Heute ist Antonia Neels Leiterin des Zentrums für Röntgenanalytik der Eidgenössischen Materialprüfungs- und Forschungsanstalt Empa, und immer noch ist sie fasziniert vom “Innenleben” von Materialien. “Neugier altert nicht”, sagt sie. Zum Glück, könnte man anfügen. Denn die angewandte Forschung, die Neels und 17 Wissenschaftlerinnen und Wissenschaftler am Zentrum für Röntgenanalyse leisten, ist für die Zukunft wichtiger denn je. Die Röntgenanalyse liefert quasi das nötige materielle Wissen um Technologien und Materialien, die das Leben gesünder, sicherer, bequemer und nachhaltiger machen.

Wirksamere Medikamente für eine alternde Gesellschaft? Effizientere Batterien für die Elektromobilität? Nachhaltigere Baustoffe zur CO2-Reduktion? Kleinere Microchips für eine digitalere Welt? Für all das braucht es ein fundiertes Wissen über die molekulare Struktur von Materialien. “Röntgenbeugung und -streuung in Kombination mit einer dreidimensionalen Röntgenbildgebung sind ideal, um Materialien auf ihr Verhalten, zum Beispiel ihre Dehnbarkeit, und auf mögliche Defekte zu untersuchen und sie weiterzuentwickeln”, sagt Antonia Neels. “Die Röntgenanalyse ist heute eine der wichtigsten methodischen Grundlagen für die Entwicklung neuer Materialien."

“Die Röntgenanalyse ist heute eine der wichtigsten methodischen Grundlagen für die Entwicklung neuer Materialien.”

Auf die Methodik kommt es an

Die Weiterentwicklung dieser “methodischen Grundlagen” ist das Kerngebiet des Zentrums für Röntgenanalytik der Empa. Die Kombination verschiedener Röntgenverfahren hat dazu beigetragen, dass das Forschungsteam der Empa und zahlreiche Industriepartner im Zentrum für Röntgenanalytik immer kleinere Strukturen analysieren und sogar dynamische Prozesse in Echtzeit beobachten können. Dabei spielt – neben viel Know-how – auch der technologische Fortschritt eine entscheidende Rolle: präzisere Detektoren, leistungsfähigere Röntgengeräte, schnellere Prozessoren, bessere Software zur Datenanalyse. “Vor 30 Jahren hätte ich nicht einmal davon geträumt, dass wir irgendwann molekulare Interaktionen in Echtzeit werden anschauen und analysieren könnten”, erzählt Antonia Neels. Bis zu fünf Tage brauchte sie in ihrer Zeit als Doktorandin für eine Kristallstrukturanalyse. Auch deshalb begann Neels früh, sich nicht nur für Kristalle und andere Materialien zu interessieren, sondern auch für die Methodik ihrer Untersuchung.

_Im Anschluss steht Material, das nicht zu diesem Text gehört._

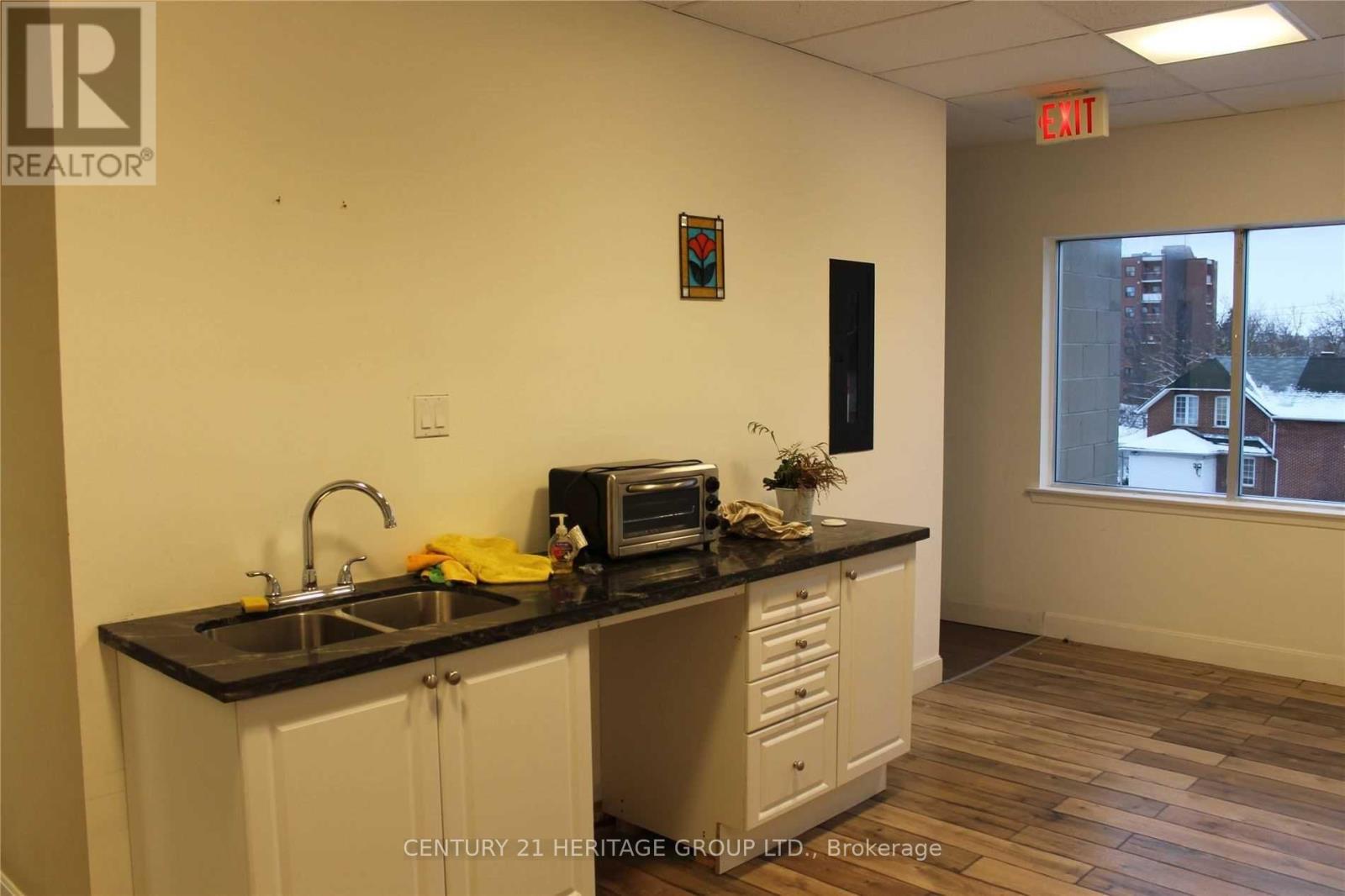 200 - 10265 Yonge Street Property Photo 12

Es war dieses Interesse, das die gebürtige Berlinerin 2008 ans Centre Suisse d’Electronique et de Microtechnique (CSEM) in Neuenburg führte – ein wegweisender Karriereschritt weg von der universitären Grundlagenforschung, hin zur angewandten Materialforschung. Unter Prof. Alex Dommann baute sie am CSEM ein Röntgenlabor auf, um Defekte und Spannungen in Halbleitermaterialien und -bauelementen zerstörungsfrei zu untersuchen und zu testen – beispielsweise Drucksensoren. 2014 übernahm sie in ähnlicher Mission die Leitung des Zentrums für Röntgenanalytik der Empa. Mit Wissenschaftlerinnen und Wissenschaftlern aus unterschiedlichen Disziplinen entwickelte sie ein Labor, das Methoden der Röntgenbeugung und Röntgenstreuung mit hochauflösenden Bildgebungsverfahren kombiniert und damit heute europaweit einzigartig ist.

Mensch und Material

Gerade für die Halbleiterindustrie, wo zerstörungsfreie Testverfahren von Kristallstrukturen wie Silizium ein Schlüsselfaktor sind, macht diese Kombination der Methoden Sinn. “Die Kristallographie zur Bewertung von Dehnungen und Defekten in Verbindung mit der Morphologie, also der Visualisierung von eventuellen Rissen und Hohlräumen, birgt grosses Potenzial für ein besseres Verständnis der Vorgänge in Halbleitermaterialien und -bauteilen”, sagt Antonia Neels.

Das Steckenpferd des Zentrums für Röntgenanalyse sind allerdings die Life Sciences, in denen immer wieder die Schnittstelle zwischen Mensch und Materialien ausgelotet wird. Denn wenn beispielsweise Wirkstoffe auf menschliche Zellen treffen, kommt es zu molekularen Reaktionen, zu biodynamischen Prozessen. Und in klinischen Studien will man verstehen: Wie und wo wirkt ein Wirkstoff genau? Und genau hier – bei der Beobachtung dynamischer Prozesse im Nanometerbereich und in Echtzeit – entwickelt die moderne Röntgenanalyse ihr volles Potenzial.